Do a hand drawn spread sheet. Find the heaviest implement you'll need to lift with the three point. The tractor's 3 pt hitch has to be able to lift at least that. Look at the highest horsepower requirement of the implements. That's your minimum PTO HP. Figure whether you'll need a gear driven or hydrostatic tractor. Some implements such as a trencher work best with a hydrostatic.

After considering all of the implements you want to use now and possibly in the future, you'll know the minimum PTO HP and the minimum capacity of the 3 pt. hitch. With that you can start looking at tractor specs whether you're buying new or used.


----------



## Bearfootfarm (Jul 13, 2006)

An ATV will NOT do most of the things on your list.

Most any tractor with live hydraulics and a PTO will


----------



## Old Vet (Oct 15, 2006)

Look in your yellow pages to se what kind of dealers you have around. Pick one of them or visit all of them to see what they have available. You need a dealer that has parts and is willing to work on them.
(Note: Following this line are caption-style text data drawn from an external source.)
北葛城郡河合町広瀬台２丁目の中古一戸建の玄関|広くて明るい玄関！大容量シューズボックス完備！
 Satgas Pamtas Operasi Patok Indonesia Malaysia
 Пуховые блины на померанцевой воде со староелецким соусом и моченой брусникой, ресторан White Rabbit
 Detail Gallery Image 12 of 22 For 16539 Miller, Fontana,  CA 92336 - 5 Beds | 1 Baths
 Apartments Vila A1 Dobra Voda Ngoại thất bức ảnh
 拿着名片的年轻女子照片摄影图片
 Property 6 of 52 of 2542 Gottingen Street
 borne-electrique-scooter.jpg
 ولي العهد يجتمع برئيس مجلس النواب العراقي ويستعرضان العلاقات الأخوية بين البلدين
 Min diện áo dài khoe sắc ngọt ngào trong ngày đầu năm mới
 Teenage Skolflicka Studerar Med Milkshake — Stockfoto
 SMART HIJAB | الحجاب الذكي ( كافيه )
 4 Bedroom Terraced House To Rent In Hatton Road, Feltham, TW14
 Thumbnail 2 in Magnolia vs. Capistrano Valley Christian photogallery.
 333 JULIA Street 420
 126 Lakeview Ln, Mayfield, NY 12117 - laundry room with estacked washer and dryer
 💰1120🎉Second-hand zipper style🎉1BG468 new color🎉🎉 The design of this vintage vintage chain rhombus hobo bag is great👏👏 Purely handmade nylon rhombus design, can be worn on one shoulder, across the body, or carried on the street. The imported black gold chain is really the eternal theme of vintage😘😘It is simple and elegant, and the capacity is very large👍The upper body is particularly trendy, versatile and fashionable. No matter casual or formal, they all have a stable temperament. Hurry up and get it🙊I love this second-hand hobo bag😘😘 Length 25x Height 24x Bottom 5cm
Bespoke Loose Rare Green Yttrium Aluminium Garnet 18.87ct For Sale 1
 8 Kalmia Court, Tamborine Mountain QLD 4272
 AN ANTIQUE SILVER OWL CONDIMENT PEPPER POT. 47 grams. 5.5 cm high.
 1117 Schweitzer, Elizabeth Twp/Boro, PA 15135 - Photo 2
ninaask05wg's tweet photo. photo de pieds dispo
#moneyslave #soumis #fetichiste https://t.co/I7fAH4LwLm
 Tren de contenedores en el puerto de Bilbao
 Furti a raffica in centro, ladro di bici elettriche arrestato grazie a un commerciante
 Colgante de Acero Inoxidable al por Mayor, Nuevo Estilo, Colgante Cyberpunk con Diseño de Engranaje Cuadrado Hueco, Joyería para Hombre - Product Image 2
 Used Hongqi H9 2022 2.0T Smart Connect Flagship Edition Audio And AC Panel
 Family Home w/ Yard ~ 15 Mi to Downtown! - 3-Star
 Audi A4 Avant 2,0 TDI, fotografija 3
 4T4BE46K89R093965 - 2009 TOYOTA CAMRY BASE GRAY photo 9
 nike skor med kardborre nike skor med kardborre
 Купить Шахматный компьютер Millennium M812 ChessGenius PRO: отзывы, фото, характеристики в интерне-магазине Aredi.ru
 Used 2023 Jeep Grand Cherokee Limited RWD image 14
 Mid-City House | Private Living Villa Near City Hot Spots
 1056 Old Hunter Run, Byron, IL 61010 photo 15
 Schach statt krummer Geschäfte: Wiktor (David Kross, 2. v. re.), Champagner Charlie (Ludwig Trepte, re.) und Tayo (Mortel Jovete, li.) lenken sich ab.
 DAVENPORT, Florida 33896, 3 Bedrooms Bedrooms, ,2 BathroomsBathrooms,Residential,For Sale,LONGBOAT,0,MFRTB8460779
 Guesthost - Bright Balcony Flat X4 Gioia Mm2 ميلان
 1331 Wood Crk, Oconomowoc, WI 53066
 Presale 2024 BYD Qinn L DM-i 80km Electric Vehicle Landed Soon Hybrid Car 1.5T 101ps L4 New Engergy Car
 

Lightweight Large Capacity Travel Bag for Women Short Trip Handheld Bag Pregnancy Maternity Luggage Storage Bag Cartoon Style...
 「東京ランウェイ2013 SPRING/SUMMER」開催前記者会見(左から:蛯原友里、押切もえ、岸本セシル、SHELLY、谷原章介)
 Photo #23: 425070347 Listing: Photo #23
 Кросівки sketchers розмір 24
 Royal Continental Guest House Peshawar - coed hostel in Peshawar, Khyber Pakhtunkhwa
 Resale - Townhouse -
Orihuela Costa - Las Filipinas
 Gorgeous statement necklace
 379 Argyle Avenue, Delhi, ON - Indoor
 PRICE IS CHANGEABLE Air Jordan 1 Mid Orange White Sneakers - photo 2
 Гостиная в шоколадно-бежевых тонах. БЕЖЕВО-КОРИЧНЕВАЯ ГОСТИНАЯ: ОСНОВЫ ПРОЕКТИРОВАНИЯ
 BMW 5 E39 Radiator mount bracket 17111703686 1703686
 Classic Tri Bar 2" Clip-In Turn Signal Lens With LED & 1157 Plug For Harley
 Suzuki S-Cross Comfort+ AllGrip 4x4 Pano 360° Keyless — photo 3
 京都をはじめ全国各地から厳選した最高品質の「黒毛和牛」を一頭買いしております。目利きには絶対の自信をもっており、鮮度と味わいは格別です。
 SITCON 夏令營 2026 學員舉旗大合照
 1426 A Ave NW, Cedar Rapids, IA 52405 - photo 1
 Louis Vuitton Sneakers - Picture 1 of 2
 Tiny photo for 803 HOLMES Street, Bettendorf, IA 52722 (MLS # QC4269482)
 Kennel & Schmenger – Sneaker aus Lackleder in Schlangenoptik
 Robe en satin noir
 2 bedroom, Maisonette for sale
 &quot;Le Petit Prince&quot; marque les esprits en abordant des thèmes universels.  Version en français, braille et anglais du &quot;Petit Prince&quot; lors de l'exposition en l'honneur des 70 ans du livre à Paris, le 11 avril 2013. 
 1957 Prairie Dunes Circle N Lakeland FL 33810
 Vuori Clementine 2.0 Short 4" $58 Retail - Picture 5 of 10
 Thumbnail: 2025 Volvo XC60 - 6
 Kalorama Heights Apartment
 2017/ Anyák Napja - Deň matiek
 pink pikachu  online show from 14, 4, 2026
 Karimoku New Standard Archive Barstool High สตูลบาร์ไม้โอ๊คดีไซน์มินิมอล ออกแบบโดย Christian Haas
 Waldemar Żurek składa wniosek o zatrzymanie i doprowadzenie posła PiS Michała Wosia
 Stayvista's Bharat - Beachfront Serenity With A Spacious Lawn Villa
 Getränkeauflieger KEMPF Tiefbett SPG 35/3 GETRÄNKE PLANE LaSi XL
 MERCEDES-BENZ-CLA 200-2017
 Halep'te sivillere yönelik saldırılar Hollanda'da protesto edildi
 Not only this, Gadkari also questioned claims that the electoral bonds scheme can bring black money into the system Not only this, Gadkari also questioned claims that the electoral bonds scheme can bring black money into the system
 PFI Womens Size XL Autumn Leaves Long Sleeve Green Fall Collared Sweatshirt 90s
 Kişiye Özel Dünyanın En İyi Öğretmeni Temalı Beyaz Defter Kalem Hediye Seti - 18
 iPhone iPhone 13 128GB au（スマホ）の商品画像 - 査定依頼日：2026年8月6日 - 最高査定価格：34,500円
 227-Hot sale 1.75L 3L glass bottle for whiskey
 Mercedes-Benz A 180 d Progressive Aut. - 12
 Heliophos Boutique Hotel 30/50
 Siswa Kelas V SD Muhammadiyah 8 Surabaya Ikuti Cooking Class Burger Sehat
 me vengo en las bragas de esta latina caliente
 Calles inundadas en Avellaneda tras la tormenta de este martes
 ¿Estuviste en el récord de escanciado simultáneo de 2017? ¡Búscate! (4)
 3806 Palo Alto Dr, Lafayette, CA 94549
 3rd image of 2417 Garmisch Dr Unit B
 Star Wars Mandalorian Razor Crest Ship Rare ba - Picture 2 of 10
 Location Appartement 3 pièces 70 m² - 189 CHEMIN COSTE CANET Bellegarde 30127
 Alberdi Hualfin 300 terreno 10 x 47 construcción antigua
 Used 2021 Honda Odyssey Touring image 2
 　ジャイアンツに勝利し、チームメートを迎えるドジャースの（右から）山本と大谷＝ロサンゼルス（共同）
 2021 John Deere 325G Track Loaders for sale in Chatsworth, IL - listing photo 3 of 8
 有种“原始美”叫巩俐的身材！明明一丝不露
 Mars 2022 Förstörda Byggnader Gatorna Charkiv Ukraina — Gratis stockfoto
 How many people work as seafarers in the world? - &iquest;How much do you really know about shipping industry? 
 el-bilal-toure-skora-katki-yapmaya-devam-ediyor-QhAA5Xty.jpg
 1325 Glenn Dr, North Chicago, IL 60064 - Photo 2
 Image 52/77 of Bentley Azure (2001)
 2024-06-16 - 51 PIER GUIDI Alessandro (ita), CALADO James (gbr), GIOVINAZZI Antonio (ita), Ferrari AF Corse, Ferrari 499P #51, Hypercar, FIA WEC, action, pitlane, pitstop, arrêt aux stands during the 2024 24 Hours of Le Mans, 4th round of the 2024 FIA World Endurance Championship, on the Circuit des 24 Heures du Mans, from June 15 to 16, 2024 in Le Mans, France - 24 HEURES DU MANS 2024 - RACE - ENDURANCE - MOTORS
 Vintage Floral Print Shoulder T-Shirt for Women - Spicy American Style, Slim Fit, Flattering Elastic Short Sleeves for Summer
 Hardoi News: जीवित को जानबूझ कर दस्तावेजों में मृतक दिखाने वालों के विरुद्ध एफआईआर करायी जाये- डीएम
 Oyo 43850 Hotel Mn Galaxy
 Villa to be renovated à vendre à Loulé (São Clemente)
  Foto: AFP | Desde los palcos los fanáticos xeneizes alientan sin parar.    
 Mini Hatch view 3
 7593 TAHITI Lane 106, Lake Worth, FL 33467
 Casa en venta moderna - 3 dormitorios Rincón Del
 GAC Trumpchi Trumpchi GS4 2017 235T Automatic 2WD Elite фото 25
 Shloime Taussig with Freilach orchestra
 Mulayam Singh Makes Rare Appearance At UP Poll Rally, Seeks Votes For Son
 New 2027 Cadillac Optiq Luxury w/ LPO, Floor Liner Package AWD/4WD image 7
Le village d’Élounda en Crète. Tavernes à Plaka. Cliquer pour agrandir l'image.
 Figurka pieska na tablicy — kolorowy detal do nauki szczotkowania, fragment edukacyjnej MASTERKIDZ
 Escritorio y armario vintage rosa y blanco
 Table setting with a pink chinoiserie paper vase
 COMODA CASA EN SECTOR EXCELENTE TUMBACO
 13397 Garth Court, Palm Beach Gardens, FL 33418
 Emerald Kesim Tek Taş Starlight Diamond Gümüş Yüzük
If you need a small part to make your tractor run then until you get that it is a heavy paper weight.You don't need to buy from any dealer but you will need one sooner or later. a dealer may be 50 miles away or even more but they need to be their when you need them.


----------



## dkhern (Nov 30, 2012)

if you are going to work w/tractor get 25-30 hp diesel, 4wd, front end bucket add other equip as needed or cost effective on 5a you probally wont do lots of fence a walk behing tipple may be more useful than a pto tiller for $1k would recomment gas power spliter not pto


----------



## agmantoo (May 23, 2003)

I have and still own a number of tractors of various brands and HP. My recommendation is to buy a used 35 to 40 HP popular USA brand diesel in the best condition your budget will permit. You can either spend time working on a tractor or working with a tractor. Reliability is paramount. Remember you can do a larger task with a larger tractor but you cannot do a large task will a too small tractor.


----------



## sammyd (Mar 11, 2007)

We have around 5 tillable and often use a 70HP tractor around the place.
We also have an old 35 HP one.


----------



## jaredd (Dec 3, 2011)

Right now, there's no tillable land on the place. There's enough cleared land for a small house, since there used to be a trailer there. So, at first a tractor would be used for picking up the place, clearing trash and rocks and wood, etc. Afterwards, it'd be used for a few post holes and I can't think of much else. I just like tractors. I've driven halfway across the state of Arkansas once just for an antique tractor show in a wee little town called Scott. That's one of the reasons I'm considering an 8N. It's cheap, readily available and good for puttering. But, the lack of a loader makes me pause. I know I can get one, but I've read MANY reviews where people said a loaded front end lifted the rear end a bit and caused steering issues. So, I'll try to do what one person recommended and look at the power requirements for the implements I want to use and start shopping for a tractor by HP.


----------



## Haven (Aug 16, 2010)

I went with a Mahindra. They have tons to choose from, are priced reasonably and versatile. I use the tiller, scraper blade, etc. They also have front end attachments. I believe they are made in India and assembled in the USA.


----------



## jaredd (Dec 3, 2011)

I forgot to mention that there's no real driveway maintenance and the land is pretty flat.


----------



## Seth (Dec 3, 2012)

I'd stick with older personally. Parts are generally available at napa, they are simple to work on and cheap to operate, and the initial investment is MUCH smaller. They may not be as convienient or have all the bells and whistles, but they have been getting the jobs done for decades.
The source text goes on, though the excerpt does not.